É assim desde que o ex-presidiário tomou posse. Naquele dia em que, segundo William Bonner, “até o céu de Brasília ficou mais bonito”. Nas raras viagens que Lula fez dentro do Brasil, ele ou se isolou ou apareceu cercado por uma plateia composta por intelectuais, burocratas e tecnocratas – e um povo cenográfico mirradinho, que dá uns gritos e aplaude as bobagens de Lula em troca de um boné e um lanche qualquer.
Trata-se de um fenômeno no mínimo intrigante. Afinal, como é possível que o homem escolhido por 60 milhões de pessoas, numa das eleições mais disputadas da história, não seja capaz de mobilizar espontaneamente a outrora comprometida militância petista? Como é possível que o Pai dos Pobres, o Presidente-Operário, o líder máximo, honorário e eterno do Partido dos Trabalhadores não consiga reunir multidões de, well, pobres operários trabalhadores em suas andanças pelo país?
E, já que estou no embalo de fazer perguntas, aqui vai mais uma: como explicar a um leitor que (compreensivelmente) flerta com soluções autoritárias as mais diversas, isto é, que está em crise com a democracia, que o apregoado “governo do povo, para o povo e pelo povo” é exercido por um homem distante... do povo? Tem algo de errado aí. Ou eu estou enlouquecendo - o que também é sempre uma possibilidade.
Como explicar a um leitor que o apregoado “governo do povo, para o povo e pelo povo” é exercido por um homem distante... do povo?

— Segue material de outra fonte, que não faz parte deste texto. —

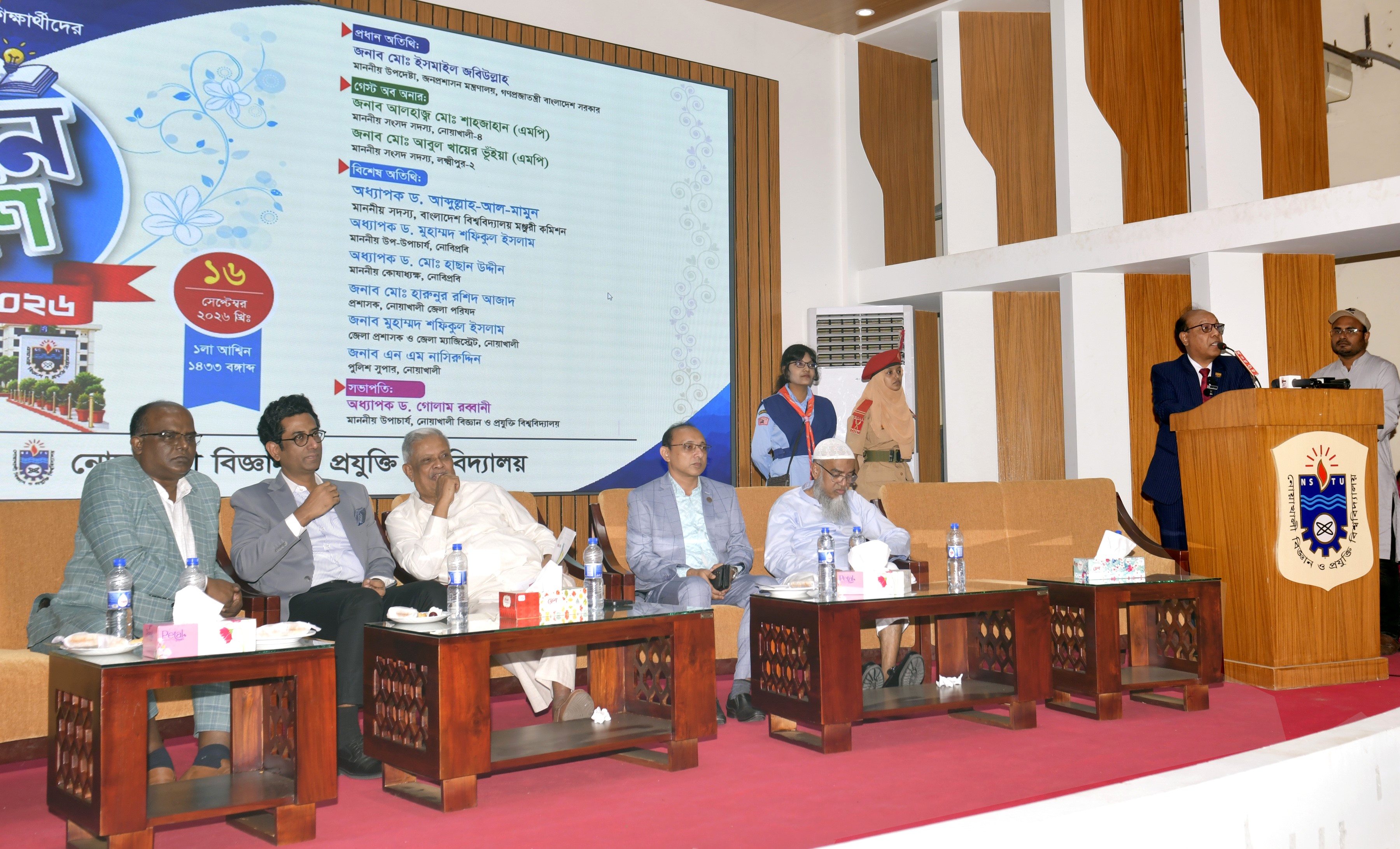 নোবিপ্রবিতে বর্ণাঢ্য আয়োজনে স্নাতক শিক্ষার্থীদের নবীন বরণ অনুষ্ঠিত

Por outro lado, o Brasil tem um ex-presidente inelegível que, numa quarta-feira qualquer, consegue reunir algumas centenas de pessoas dispostas a enfrentar o calorão de São Sebastião (SP) para demonstrar apoio. E, já que estamos aqui mesmo, para zombar da perseguição a Bolsonaro, acusado pelo Ministério Público de “importunar intencionalmente” uma baleia. Não adianta tapar o sol com a peneira: mesmo fora do páreo, Bolsonaro ainda desperta o entusiasmo de muita gente. De muito povo, e não de intelectuais, sindicalistas e funcionários públicos. Como é possível?
Para alguns, a resposta para esse dilema passa por tramas complexas que envolvem torradeiras mal-intencionadas e algoritmos intrincadíssimos. Eu, porém, prefiro usar minha imaginação para fins mais nobres. Por isso vou me restringir a fazer um alerta: quem quer que tenha colocado Lula na Presidência, por quaisquer que tenham sido os meios, precisa estar atento a essa discrepância entre a popularidade e o poder do fantoche de Garanhuns. Porque está ficando feio e eu mesmo já notei que a justificativa de que as redes sociais distorcem a nossa percepção da realidade não cola. Não tanto. Não mais.

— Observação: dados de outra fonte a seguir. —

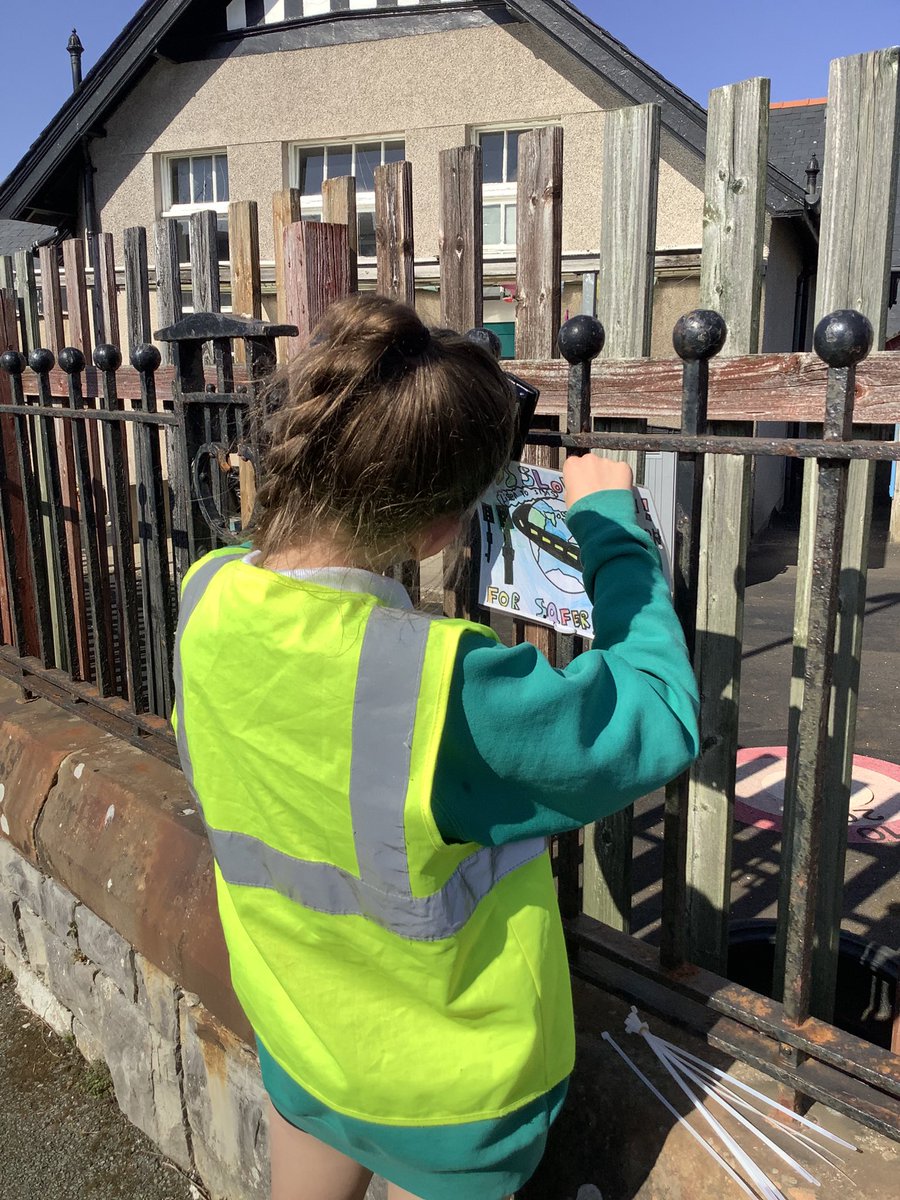 The school ambassadors have been working hard on making the area around Ysgol Ffordd Dyffryn a safer place. Following a competition across school, they have put up Road Safety posters in our area to encourage drivers to stick to speed limits to keep everyone safe! Da iawn pawb!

Percepção. Taí uma palavrinha que, venho dizendo há tempos, deveria ter sido levada mais a sério pelas autoridades eleitorais – aquelas que cuidam da faceta mais visível da democracia. Porque é disso que se trata o poder respeitado e admirado por ser legítimo: percepção. Percepção de que o Estado vale a pena ser defendido. Ou percepção de que ele deve ser refundado. Percepção de que os governantes buscam o bem comum. Ou percepção de que não buscam. Percepção da honestidade. Ou percepção da corrupção. Percepção da retidão de intenção. Ou percepção de que o governante busca apenas o que é conveniente para ele, para o partido e para seus amigos bilionários.
Para o homem comum, naturalmente ressabiado dos poderosos que ele conhece de outros carnavais e cujas estripulias ele acompanha por telejornais cada vez mais desacreditados, uma vez instalada a desconfiança é difícil revertê-la. Por mais campanhas publicitárias que insistam no mito da democracia inabalada. Por mais que se criem leis nos obrigando a acreditar no que dizem os ministros do TSE. Aí a saída é impor a democracia. O que é um disfarce clássico para uma ditadura.